February was insane. I said good bye to my 20s and welcomed 30 with an engagement ring from my man, Chris Hynes. I said yes. Obviously.
March brought us Moose. Or, I should say Chris adopted Moose while I was out of town with Rock Your Bliss in Philly and I came home to a family of four, Chris, Bear, baby Moose and me. He texted me and wrote 'YOLO, I got a puppy.'. That happened.
In April my family came to visit. I asked them to come for their Spring Break holiday and we hiked, hit the beach, snacked, snuggled and Vespa'd all over Venice. There is power in the bold request. Make it.
The Summer is a blur. My best friend got married which meant we did Vegas right with the Thunder Down Under for her bachelorette. Travelling to Indiana for her wedding, we rocked the Indy 500 this year. I think I am still hungover today. Chris and I got in a tent often and camping removed another layer from my heart and let Chris in even deeper. Sleeping under stars will do that. I spoke at Hanuman Festival and I can honestly say I totally bombed it. There were a couple 1/2 marathons in there, I ran 100 miles in July and oh man, a lot of red wine bottles. And after years of living in LA, I finally "learned to surf". Take the quotations for whatever you think they mean. Holy goals, Mary Beth and I brought Rock Your Bliss to Wanderlust Fest, that was incredible. And Chris and I made last minute trips to the Midwest because family rules.
September and October were crazy town. I traveled here, there and everywhere for Rock Your Bliss. It was a lot of learnings, a lot of energy and beautiful connection in the USA and Canada. I came home for much needed time with Chris and the dogs. We did more camping, we got more clear and the mountains were calling.
November was decision time. Chris and I realized we are actually doing this wedding thing, starting a family of dogs and future babies and the geography mattered. We made the decision to make the big move to the Rocky Mountains for the outdoors life, the big back yard and the possibilities. And so, we started spreading the news. Like in the movies, you think it will be one big good bye party.
It is not.
Saying good bye to your close friends and the community you love, waving adios to the sand and palm trees and re-figuring your business strategies is no easy task. Oh, and packing. Packing your life, the Vespa, the dogs. What a mess.
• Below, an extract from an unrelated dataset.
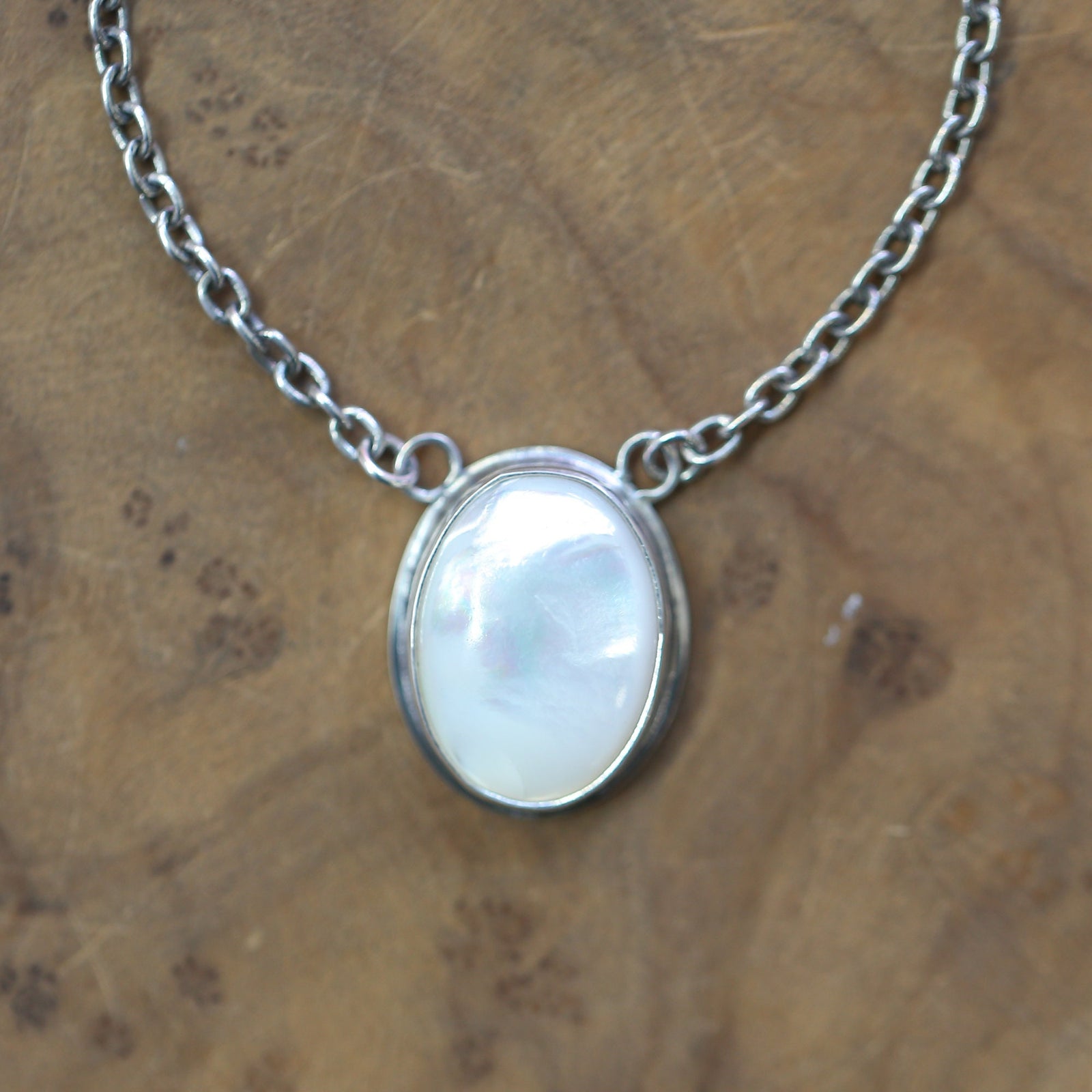 Mother of Pearl Pendant Necklace - Sterling Silver Chain, Silversmith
Goals are messy. I knew it. But I keep learning it.
December came through like a tornado. I watched 'Christmas Vacation' four times and then we roadtripped to Colorado to sign a lease. Or so it felt that way.
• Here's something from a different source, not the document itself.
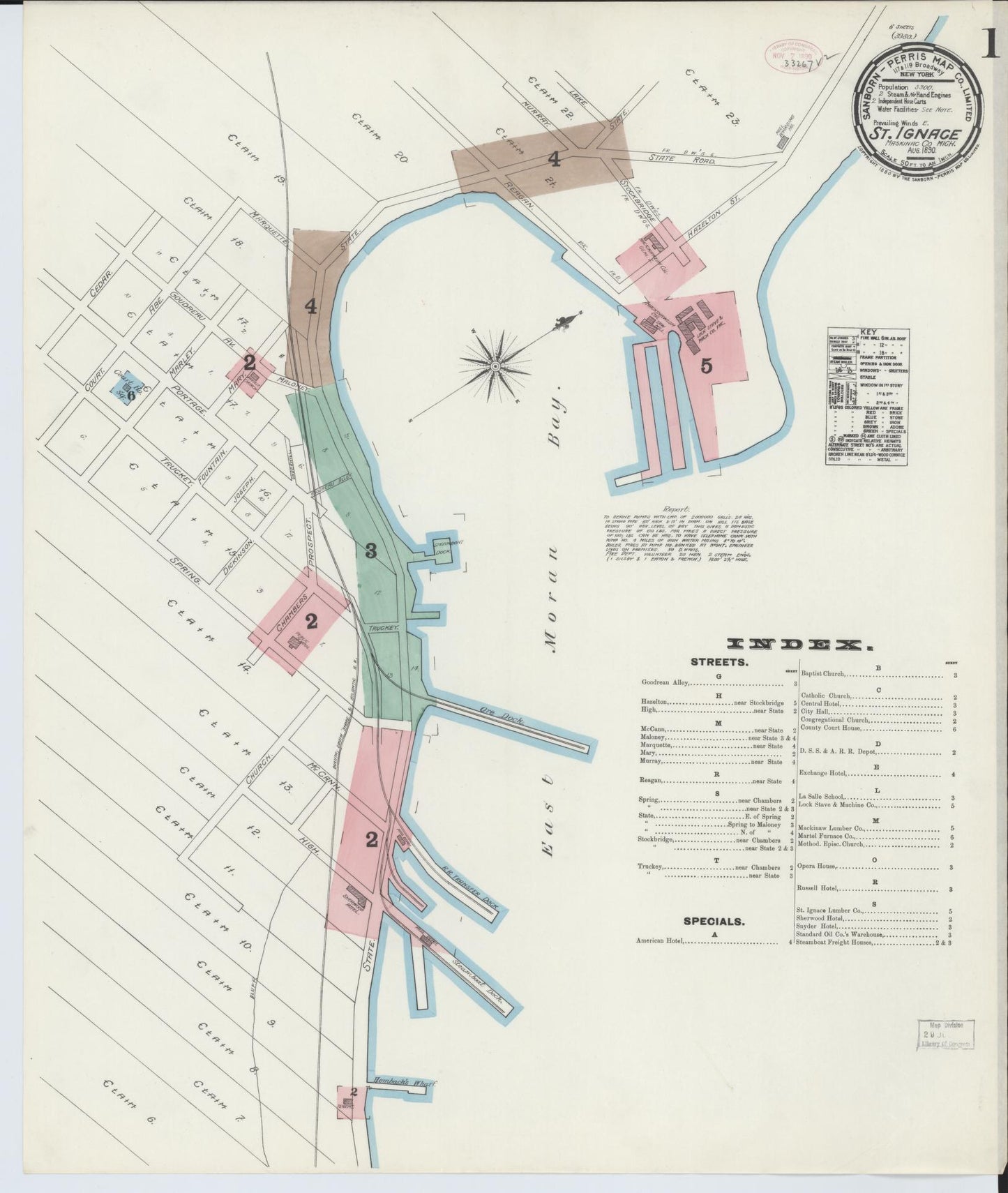 Sanborn Fire Insurance Map from Saint Ignace, Mackinac County, Michigan (1890), Sheet #0001 - Complete Map Set gallery image, historic Sanborn map, vintage wall art, Michigan Michigan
And here I sit in my fiance's (still fun to say, fiance) childhood home in Chicago. Everyone is out this morning and well, I'm freezing. It is probably 12 degrees outside. I am smiling because what a year. And to be honest, I probably have a gnarly twitch because we are roadtripping home in two days, but home is little blue house in Denver with a basement and a breakfast nook, not the crazy Venice apartment we have tried to make feel like home the past three and a half years.
Weird. And wow. We did it.
2014. I love you.
I am all the emotions at once as I embark on a new year. Excited, scared, terrified, curious, happy, engaged, stressed out, grateful, and so ready. And I would not have it any other way.